The 'phone rang tonight. I was up to my elbows in dishwater but I rinsed off quickly and checked the Caller ID. It was a 408 area code, unknown name. Could it be a friend or relative on a cellphone? I answered.
"Is this William East?" she asked. She had me. What could I do? She had gotten me on the first try, I was nailed. "This is he" I answered.
"This is Carol Something or Other" she said, "From Republicans for Some Damn Thing." (I confess - I wasn't paying her my complete attention.) And then the interrogation started, without preamble or preparation:
"Do you believe the greatest challenge facing America today is..." followed by a list of social, probably Democrat-inspired, ills. I let her rattle them all off. I paused for a moment and answered "I believe the greatest problem in America today is people not respecting the Do Not Call list."

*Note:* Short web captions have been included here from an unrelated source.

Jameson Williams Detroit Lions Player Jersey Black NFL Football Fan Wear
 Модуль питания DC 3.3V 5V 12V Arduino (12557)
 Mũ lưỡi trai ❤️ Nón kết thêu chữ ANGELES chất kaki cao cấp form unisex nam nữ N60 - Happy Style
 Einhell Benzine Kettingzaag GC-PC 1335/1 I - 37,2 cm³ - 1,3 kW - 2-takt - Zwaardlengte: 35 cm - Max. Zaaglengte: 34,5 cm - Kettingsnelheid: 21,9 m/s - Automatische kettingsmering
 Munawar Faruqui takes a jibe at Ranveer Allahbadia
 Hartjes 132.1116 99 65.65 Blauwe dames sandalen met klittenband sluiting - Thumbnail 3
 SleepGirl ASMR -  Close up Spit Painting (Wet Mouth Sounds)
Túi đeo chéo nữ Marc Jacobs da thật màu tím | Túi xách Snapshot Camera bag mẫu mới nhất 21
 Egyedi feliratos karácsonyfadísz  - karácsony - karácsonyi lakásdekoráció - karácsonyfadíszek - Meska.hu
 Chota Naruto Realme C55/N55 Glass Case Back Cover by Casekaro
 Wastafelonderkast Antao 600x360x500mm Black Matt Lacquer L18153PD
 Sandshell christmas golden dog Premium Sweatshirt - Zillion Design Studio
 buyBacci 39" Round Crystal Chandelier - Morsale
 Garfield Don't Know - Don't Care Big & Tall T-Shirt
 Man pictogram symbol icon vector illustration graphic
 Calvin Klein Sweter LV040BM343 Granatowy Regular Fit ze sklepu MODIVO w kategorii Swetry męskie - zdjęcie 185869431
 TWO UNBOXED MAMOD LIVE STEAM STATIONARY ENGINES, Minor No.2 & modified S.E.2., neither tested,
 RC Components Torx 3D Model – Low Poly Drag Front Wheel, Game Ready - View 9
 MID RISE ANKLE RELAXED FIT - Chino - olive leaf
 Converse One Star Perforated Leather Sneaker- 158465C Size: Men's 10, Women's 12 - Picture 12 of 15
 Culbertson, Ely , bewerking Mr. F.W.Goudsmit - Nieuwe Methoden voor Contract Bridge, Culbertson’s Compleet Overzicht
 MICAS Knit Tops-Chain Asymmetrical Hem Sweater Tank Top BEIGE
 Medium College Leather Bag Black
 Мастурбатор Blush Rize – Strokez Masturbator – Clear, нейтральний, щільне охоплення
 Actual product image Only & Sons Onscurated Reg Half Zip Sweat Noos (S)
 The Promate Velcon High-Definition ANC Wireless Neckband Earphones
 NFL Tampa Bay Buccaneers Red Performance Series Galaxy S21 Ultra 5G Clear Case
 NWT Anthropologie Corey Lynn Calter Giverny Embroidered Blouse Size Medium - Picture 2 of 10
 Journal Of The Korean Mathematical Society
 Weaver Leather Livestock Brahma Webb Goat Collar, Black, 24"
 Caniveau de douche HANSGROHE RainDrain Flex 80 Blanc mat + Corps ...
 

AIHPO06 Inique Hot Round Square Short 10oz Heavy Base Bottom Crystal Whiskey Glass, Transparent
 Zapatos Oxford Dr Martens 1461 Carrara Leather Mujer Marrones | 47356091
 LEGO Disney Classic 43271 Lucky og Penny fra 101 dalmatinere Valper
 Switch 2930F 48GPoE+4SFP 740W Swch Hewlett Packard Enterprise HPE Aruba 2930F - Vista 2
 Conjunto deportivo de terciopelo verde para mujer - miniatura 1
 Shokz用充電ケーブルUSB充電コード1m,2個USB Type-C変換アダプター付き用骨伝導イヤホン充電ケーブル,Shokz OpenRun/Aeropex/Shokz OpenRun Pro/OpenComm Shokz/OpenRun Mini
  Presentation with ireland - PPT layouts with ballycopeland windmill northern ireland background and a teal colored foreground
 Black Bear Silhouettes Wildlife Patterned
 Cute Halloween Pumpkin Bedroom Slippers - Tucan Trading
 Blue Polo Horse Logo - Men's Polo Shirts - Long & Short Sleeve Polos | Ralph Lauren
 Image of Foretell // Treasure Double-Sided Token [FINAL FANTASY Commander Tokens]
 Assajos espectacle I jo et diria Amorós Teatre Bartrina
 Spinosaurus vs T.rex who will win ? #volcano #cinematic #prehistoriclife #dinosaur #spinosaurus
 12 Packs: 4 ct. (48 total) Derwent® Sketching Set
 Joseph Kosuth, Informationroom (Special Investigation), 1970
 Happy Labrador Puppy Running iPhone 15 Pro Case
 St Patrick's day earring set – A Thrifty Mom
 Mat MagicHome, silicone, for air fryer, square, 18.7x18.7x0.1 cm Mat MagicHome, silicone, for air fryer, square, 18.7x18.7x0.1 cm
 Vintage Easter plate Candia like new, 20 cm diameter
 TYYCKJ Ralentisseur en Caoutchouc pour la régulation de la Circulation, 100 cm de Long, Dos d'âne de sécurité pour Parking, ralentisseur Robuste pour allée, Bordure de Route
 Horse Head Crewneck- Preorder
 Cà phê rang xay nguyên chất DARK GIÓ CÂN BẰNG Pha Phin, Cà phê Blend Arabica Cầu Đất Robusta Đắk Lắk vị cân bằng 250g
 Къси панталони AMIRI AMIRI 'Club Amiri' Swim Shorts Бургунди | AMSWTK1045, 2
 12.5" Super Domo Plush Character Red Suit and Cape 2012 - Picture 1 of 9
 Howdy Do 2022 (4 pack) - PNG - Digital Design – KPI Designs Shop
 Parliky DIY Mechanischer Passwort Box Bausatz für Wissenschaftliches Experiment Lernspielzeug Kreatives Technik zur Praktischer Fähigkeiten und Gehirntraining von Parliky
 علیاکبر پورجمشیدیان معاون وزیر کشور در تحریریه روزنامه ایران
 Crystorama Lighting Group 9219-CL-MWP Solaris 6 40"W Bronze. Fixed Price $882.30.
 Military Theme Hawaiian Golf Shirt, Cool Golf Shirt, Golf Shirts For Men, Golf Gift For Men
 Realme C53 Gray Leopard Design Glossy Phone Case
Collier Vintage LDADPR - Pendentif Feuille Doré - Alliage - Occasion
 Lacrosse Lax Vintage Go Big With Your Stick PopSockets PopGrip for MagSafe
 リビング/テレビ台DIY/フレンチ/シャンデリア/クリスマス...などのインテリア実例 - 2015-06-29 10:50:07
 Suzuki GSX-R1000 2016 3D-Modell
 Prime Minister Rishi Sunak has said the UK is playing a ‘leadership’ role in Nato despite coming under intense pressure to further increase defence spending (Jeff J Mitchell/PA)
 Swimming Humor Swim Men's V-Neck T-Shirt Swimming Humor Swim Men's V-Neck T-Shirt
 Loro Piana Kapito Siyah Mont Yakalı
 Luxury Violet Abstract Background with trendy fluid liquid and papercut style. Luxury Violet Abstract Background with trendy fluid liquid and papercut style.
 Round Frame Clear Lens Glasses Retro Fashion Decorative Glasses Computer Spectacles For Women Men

Carol was not a fan of witty repartee. Things got snippy, in a hurry. "We are exempt from that. Thank you for your time." And an immediate disconnect. Our chance for dialogue, seconds ago pregnant with possibility, had ended. So Carol, here's my response to you. Maybe you'll read it when you're looking for a Dead Milkmen fan page some day:
Yes Carol, I do know that when the political leaders of these great United States enacted the Do Not Call list, they somehow managed to exempt themselves, not to mention telephone surveyors such as yourself from its provisions. Rick Santorum can call me three times a day, morning noon and night, to sell me snake oil, hot air or empty promises. And then he can hire you, Carol, to call and find out what I think he should tell me he believes in so he won't slip up and speak his own mind.
But the thing is, here's this resource available to you, of people who are cranky enough about getting called in the middle of peak dishwashing hours that they took the time to visit a web site and give their full name and telephone number in the hope, however small, that they'll just be left alone. And you're not going to avail yourself of that? Are people who don't want unsolicited sales calls particularly good resources for the surveying community?
I realize it's not you personally, Carol, who thought I should be probed for my opinion on the state of the world as it is but some high-up chief survey manager at Republicans for Some Damn Thing with a database, perhaps borrowed from the Republican Party, of names and numbers. Didn't that manager ever wonder if by pestering the above-mentioned cranks at home his organization, and by association Republicans in general, might lose some of their appeal to poor misanthropes such as myself? And why is it that no-one stopped to wonder whether (and this is probably the most serious point in this whole overreaction of mine) that which is not forbidden might still not be the right thing to do?
If you can't guess, Carol, I've been thinking about this for a little while. Why don't you think about it and get back to me on it? You've got my number.